Reviewed by Andi Shechter

Picture this: a science fiction novel that takes a couple fascinating ideas, explores them, using them to tell a story and then ends. No sequel, no trilogies, no epics.  I’m so happy.

Rollback is a dynamite science fiction novel that examines some major themes -- great and small -- and contains them within 313 pages. Hot dog. I’m not a big fan of ongoing epics or 600 page novels. I’ve read some trilogies, of course, and I’m a big fan of series books in the mystery genre. But sometimes, I  just want to read a book that tells a story; a single story that ends when it should end. Don’t you?

In Rollback we get the big story -- communications with aliens -- and a smaller one -- life extension. Neither is a simple idea; yet the more complicated one is that of life extension. Both are told cleanly, intelligently and woven together well.

Sarah Halifax is an aging woman of massive accomplishment. Close to 40 years ago, she was the person who decoded the first-ever radio message received from aliens. We replied.  Now, a second message has come. Sarah, now 87 years old, simply cannot function at the level she did 38 years before. 
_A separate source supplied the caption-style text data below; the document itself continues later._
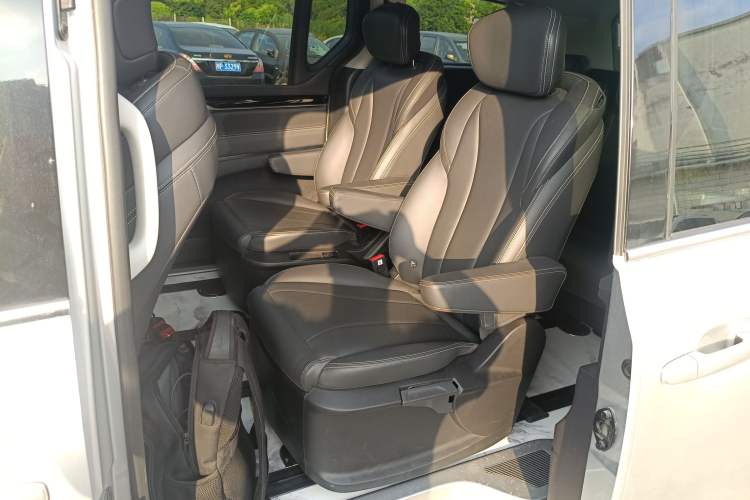 Used SAIC MAXUS G20 2023 Facelifted PLUS 2.0T Gasoline Automatic Luxury Edition
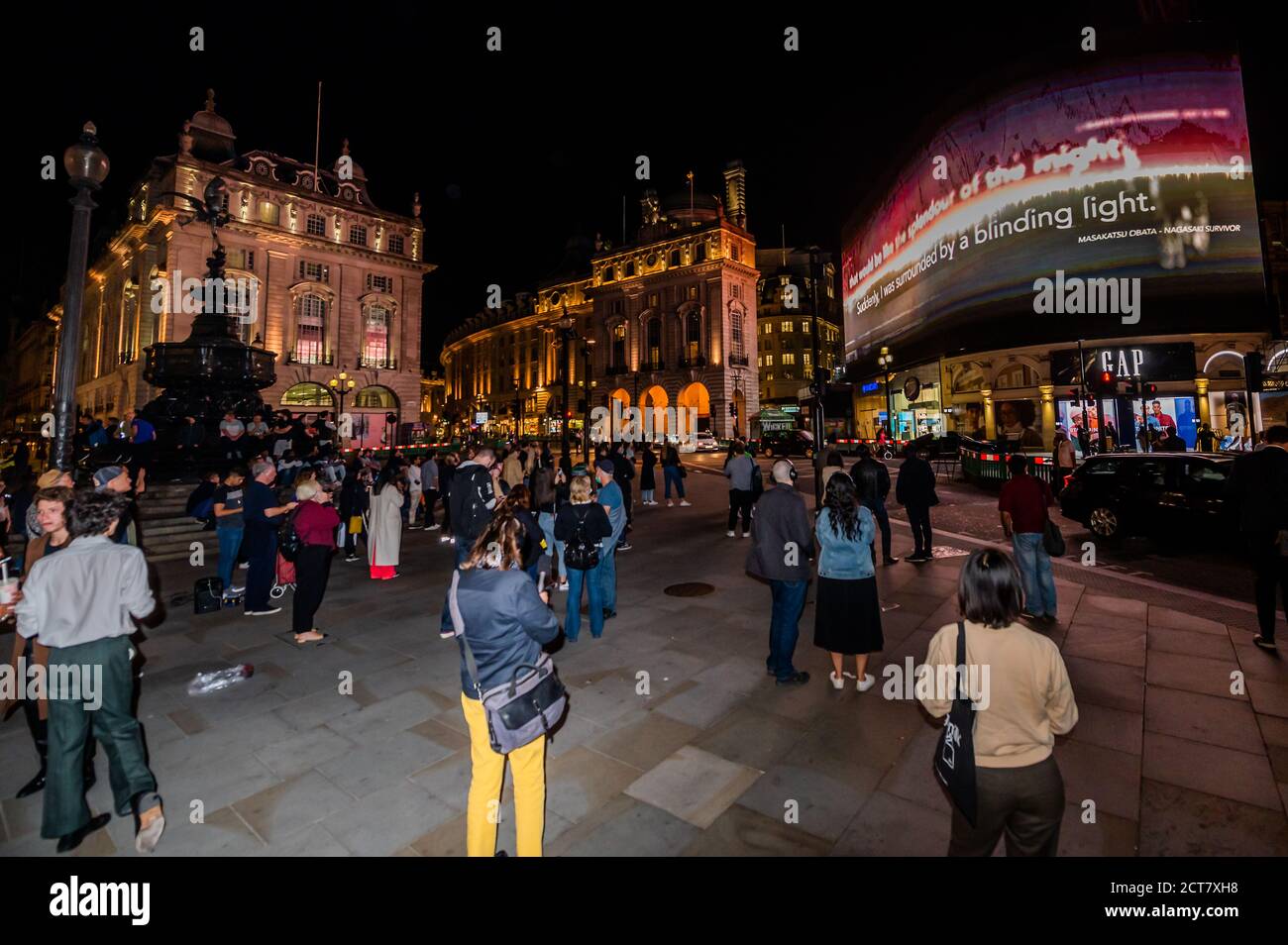 Londres, Royaume-Uni. 21 septembre 2020. J'ai vu la fin du monde, une "lecture collective" illuminée de texte explorant les deux perspectives sur l'abandon des bombes atomiques sur Hiroshima et Nagasaki. Il a été assemblé par es Devlin et Machiko Weston et est projeté sur les lumières de Piccadilly à Londres pour marquer la Journée internationale de la paix des Nations Unies. Crédit : Guy Bell/Alay Live News Banque D'Images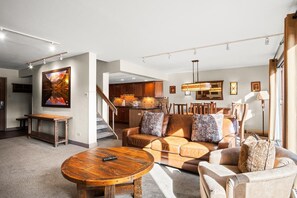 TV - Beaver Run Ski-In/Out|Stunning Mtn Views|Amenities (Breckenridge)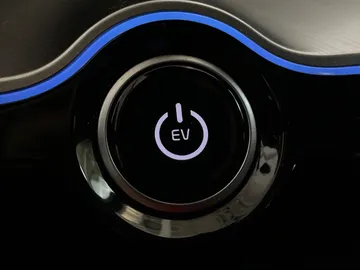 2022 Kia EV6 - image 25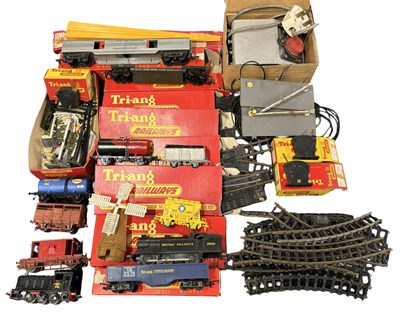 Lot 22 - A mixed lot of various Triang, Hornby Dublo...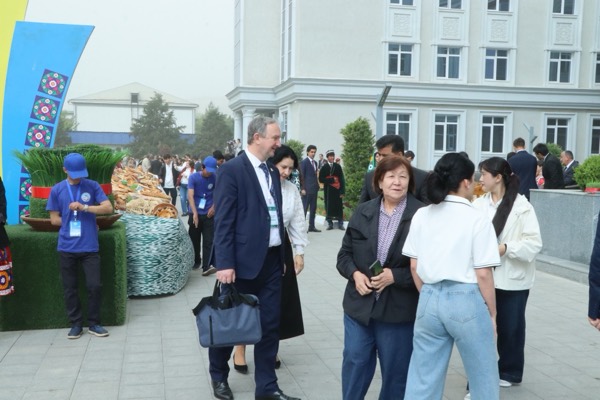 Празднование Навруза и выставка достижений Университета — IMG_9124.jpg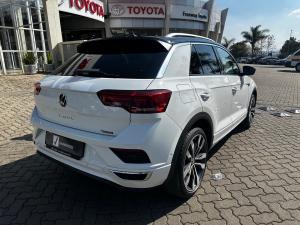 Volkswagen T-Roc 2.0TSI 140kW 4Motion R-Line - Image 2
Then she receives an astonishing offer from one of America’s richest men; he will stake her to a rejuvenation treatment. Yes, they’re available but are so monstrously costly that they’re completely unavailable for the vast majority of people.  But Cody McGavin can afford it.  He can even afford to offer the treatment to Don, Sarah’s husband.  She essentially demands this, saying she would not want to live on alone -- they are simply too important to each other. They have, after all, been married for 60 years.  She loves Don and he loves his wife.  McGavin agrees and both undergo the process.  Unthinkably, the treatment works on Donald but fails for Sara. Don becomes younger and younger while his wife struggles with fatigue and all the tricky issues of aging. 

The moral dilemma here is fascinating and challenging.  Sawyer sees the issues clearly and there is little pathos and lots of “what if.” While I didn’t quite buy why it didn’t work (and thought he might have spent a little more time on this), it’s a minor glitch in a well-designed plot. Don rediscovers energy, sexual drive, exercise and vitality while Sarah feels understandably denied, perhaps betrayed and is trying not to make it an issue. She still faces the massive challenge of understanding the reply by the beings on Sigma Draconis. And now she doesn’t have a lot of time.
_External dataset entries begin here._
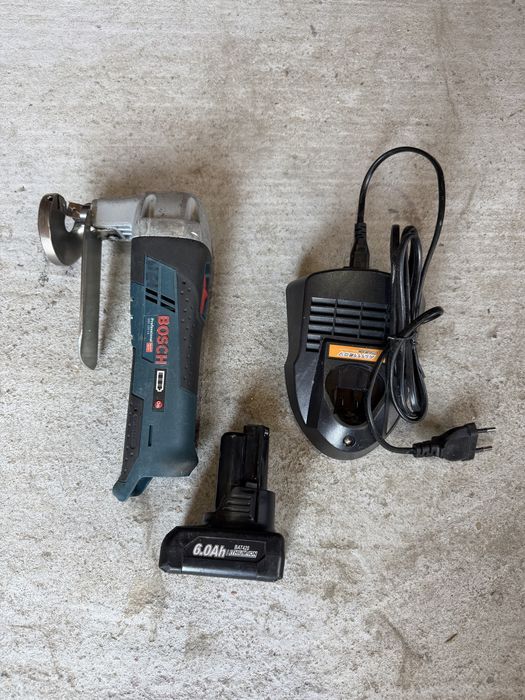 Bosch GSC 12V-3 ножица за ламарина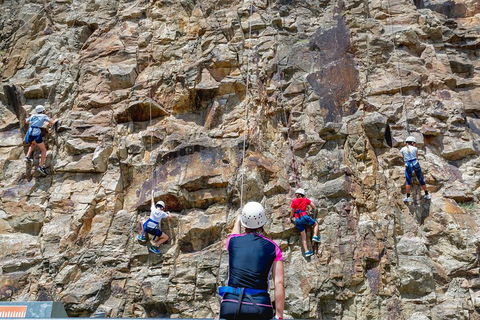 Rock Climbing At The Kangaroo Point Cliffs In Brisbane - eAccommodation 2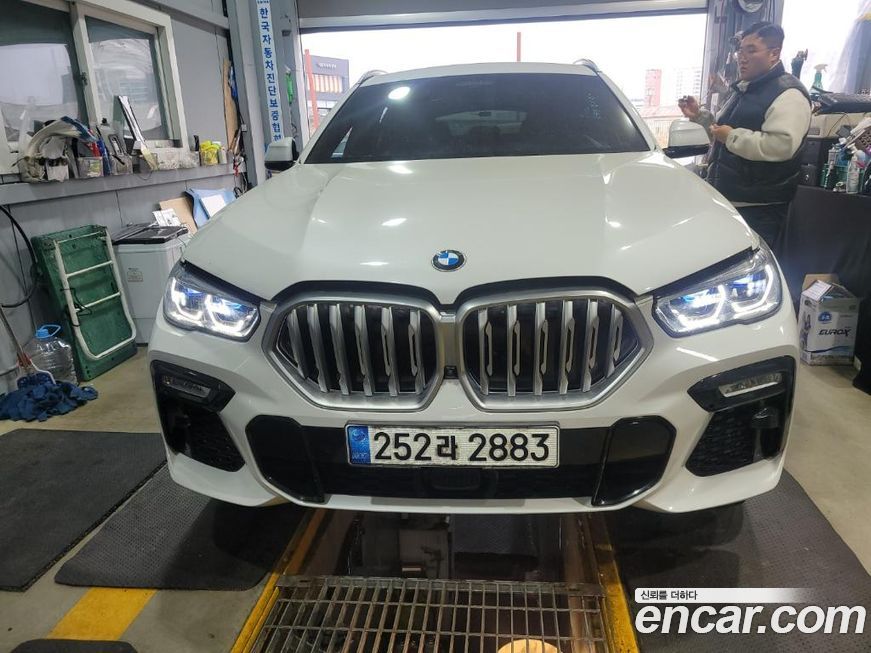 BMW X6 2021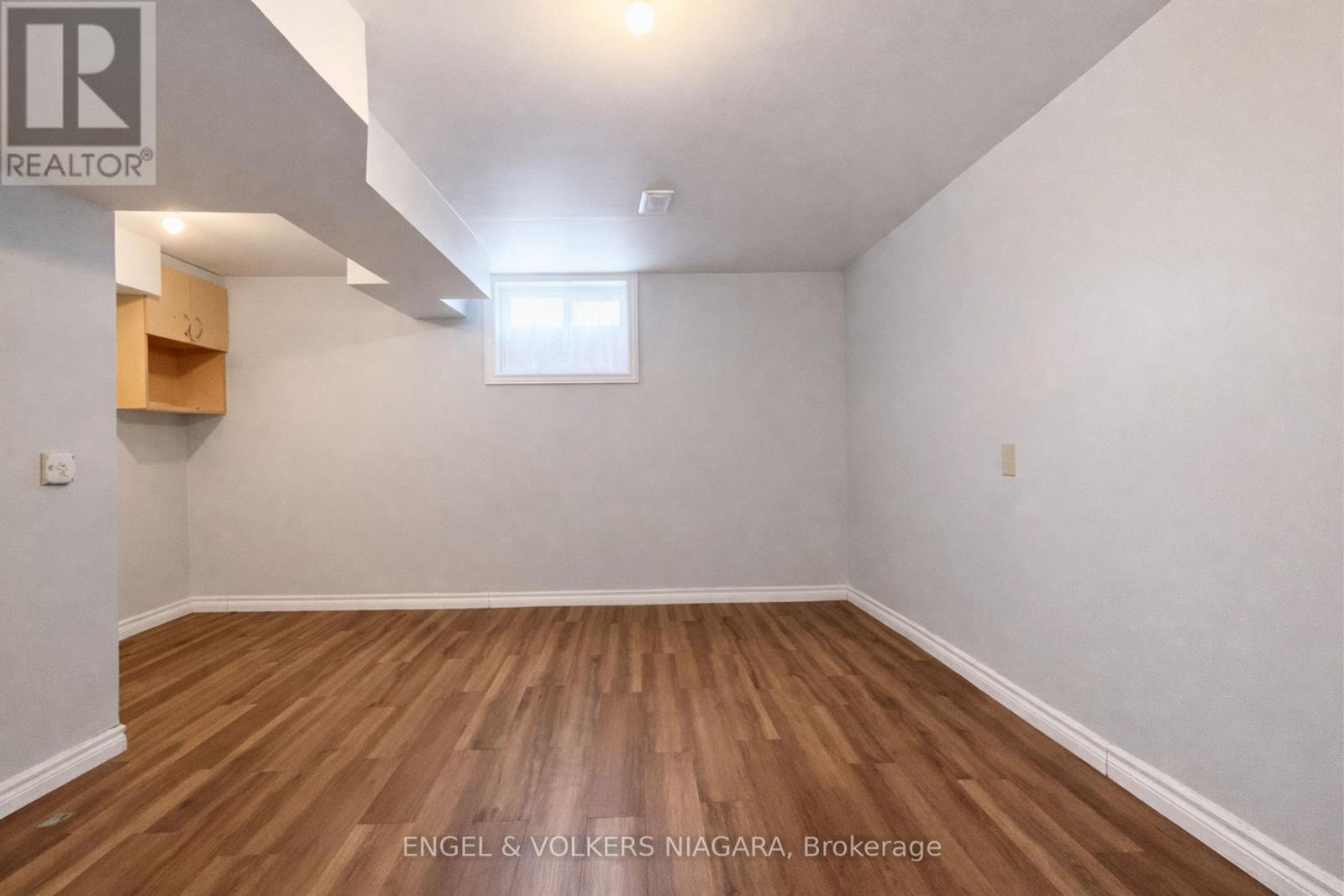 4752 Crawford Place W, Niagara Falls (Downtown), Ontario  L2E 1Z2 - Photo 21 - X12846618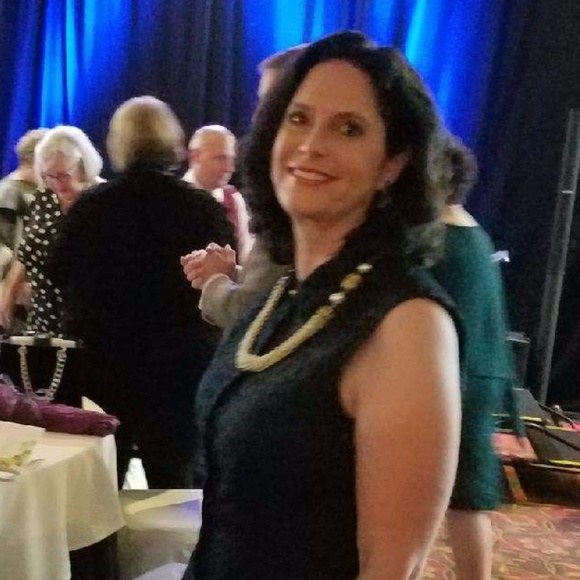 Meet your Posher, Holly - Picture 6 of 8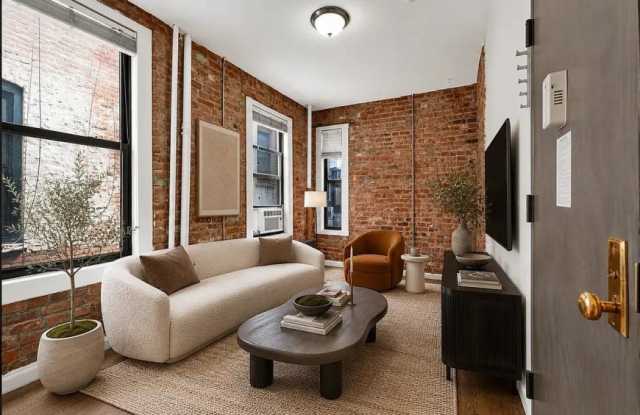 250 Broome Street Gallery 1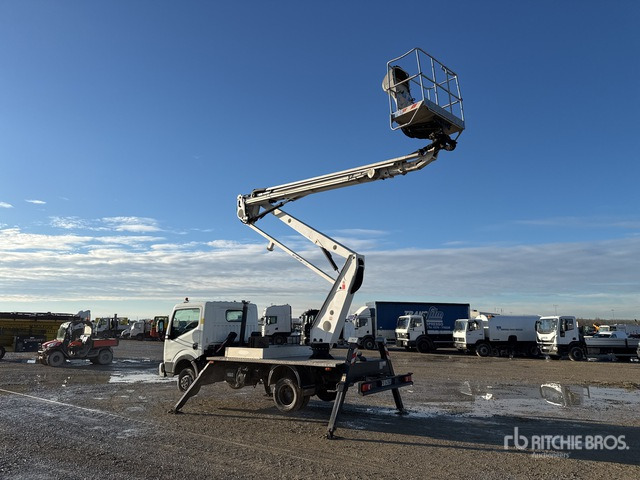 2018 Nissan Cabstar 35C13 2018 Oil&Steel Snake 21-12 21 m on Bucket Truck - Nền bục trên không gắn trên xe tải: hình 2 2018 Nissan Cabstar 35C13 2018 Oil&Steel Snake 21-12 21 m on Bucket Truck - Nền bục trên không gắn trên xe tải: hình 2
I found Don a little hard to take. His behavior, while understandable, was still reprehensible at times. His rediscovery -- especially of sexual function -- seemed juvenile and didn't consider the others in his life or the consequences of his actions. Yeah, yeah, he’s 30 and his wife is in her 80s; get over it. You don’t get to act irresponsible just because once you were young and irresponsible.

I’m uncomfortable with the conclusion I drew: that both Don’s behavior and the book’s ending came from a specifically male point of view, but I admit it and can’t shake it. Mind you, the ending is appropriate for the story. I’m not saying that Sawyer made a mistake, it’s just that I kept coming to different conclusions and expecting different things and believe that had Sarah been the one to undergo successful treatment, while her husband’s had failed, it would have changed a great deal of the story. But Sawyer didn’t write that book, so I’ve got to look at what there is, not what I wish for.
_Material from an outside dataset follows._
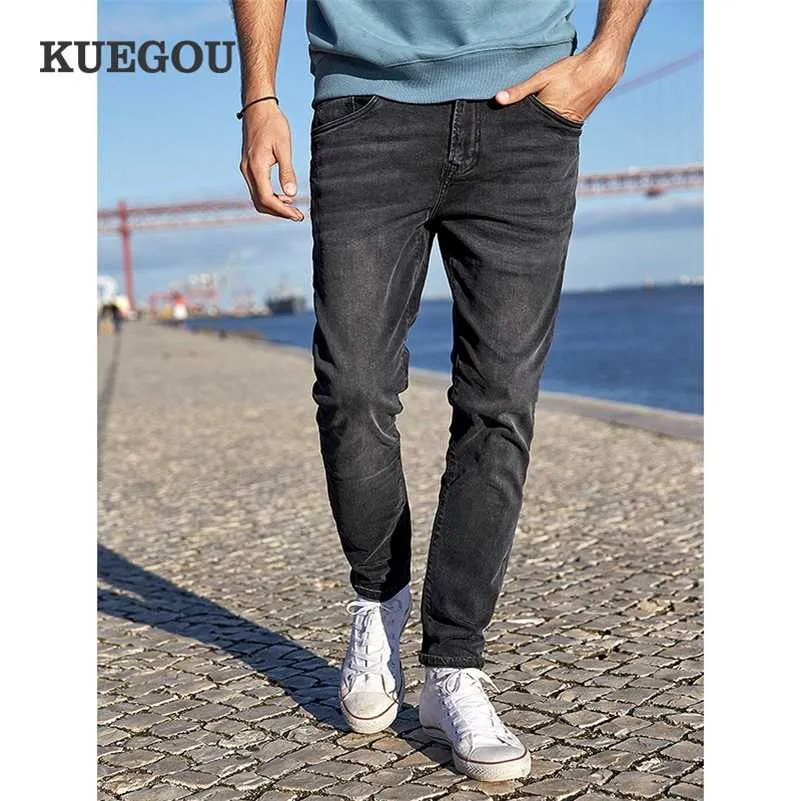 KUEGOU coton printemps automne hommes jeans noir laver le vieux vintage mince mode haute qualité Denim pantalon pantalon KK-2975 211120
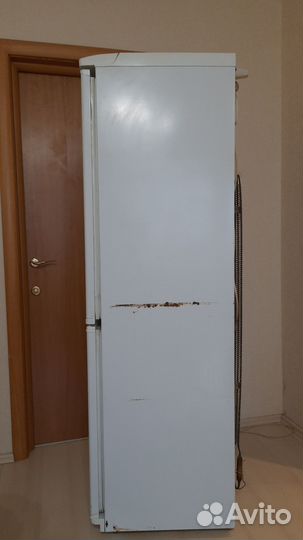 Холодильник Атлант двухкамерный б/у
I found the communications part of the story intriguing, beguiling and not so complicated with science and/or technobabble that I didn’t get it. It was a wholly satisfying story from a writer who’s gathered quite a number of awards throughout his career. I appreciated the pacing in Rollback. Sawyer has a good sense of story and told this one well. | August 2007

 

Andi Shechter has been a publicist, chat host, interviewer, convention-planner, essayist and reviewer. She lives in Seattle with far too many books, an old-but-cute purple computer, not enough soft toys (including a small but select hedgehog and gorilla collection), many figure skating videotapes and an esoteric collection of hot sauces. There's a Hugo Award on her mantelpiece which belongs to her partner, cartoonist and artist Stu Shiffman.